The money came from her family and from her future husband.
As hard as it was to get past the words of her father and to work through the details to fit an ancient house to accommodate modern guests, perhaps the hardest part was fighting City Hall.
It took a year to get the permits. Every single person she needed to get licenses from was male. None of them responded in a timely manner. Over and over, she heard from them that she was bound to fail.
As is typical in Morocco and many other Middle East and North African nations, not only did she need money for all the permits, she needed money to make sure the money she paid for the permits actually got acknowledged. She had to grease a few skids.
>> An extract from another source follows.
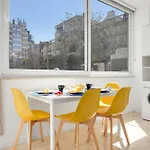 Bright In - 3 Bedrooms By Lisbeyond Апартаменти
It took a full year to get the final license, but Fatima didn’t wait. The hotel was ready, and Fatima opened Dar Settash even before she had all the paperwork in hand.
She has registered Dar Settash — the name means 16 Doors, for the 16 gates through the medina wall — with Booking.com and works social media to promote her fledgling business. The night we visited, three of the five rooms were occupied, but she was concerned about the upcoming slow season. Another inn opened just a few doors down from Fatma’s, but she does not consider that competition.
“We help each other out,” she said.
Guests to Dar Settash step through the door into an atrium open to the sky. Soft chairs, low tables, a sofa and pillows greet them. Intricate carved woodwork climbs the walls to the top. To the right is a sitting room with couches and love seats. To the left is one of the bedrooms, the only one on the ground floor, with a double bed, chairs and an en-suite up a steep flight of wooden stairs that was not part of the original building.
On the second floor, up a narrow, winding set of stairs built centuries ago, are four more rooms, some just singles, some doubles, all with en-suites . Prices range from 500 to 700 Moroccan dirhams, about $50 to $70. It is not a bed and breakfast; the hotel is not equipped to provide daily meals. But special events can be arranged on the rooftop overlooking the medina and Fez. Lucky guests will get cookies baked by Fatma’s mother.
Fatima says she can lead tours to other parts of Morocco. She offers cooking classes for tourists and even native Moroccans. For one of her classes, she takes students to the countryside outside a village near Fez and cooks over coals from burning wood, the old Berber style.
These classes, and really the hotel in the heart of the medina, is one way Fatima is hoping to conserve Moroccan heritage.
“I feel we’ve lost a lot of our culture,” she said. “It’s not Moroccan culture anymore. It’s sad. They’re lost between European and Moroccan.”
Fatima is one of a new generation of Moroccan women who are become more important outside of traditional roles. Although it’s a struggle, Fatima is demonstrating that women can be business owners and employers. She has hired two people to work with her at Dar Settash. She is contributing to the economy and the workforce.
The hotel has been open less than a year, but already Fatima is planning her next moves.
“I would like to see a chain of Dar Settashes across Morocco,” she said.
But Fatima has been fortunate, too. She has the support of her family and her future husband. And she has the self-confidence that comes with having solid goals and a base of experience.
So what about her father, now that the hotel is open?
“He’s very proud,” she said with a smile.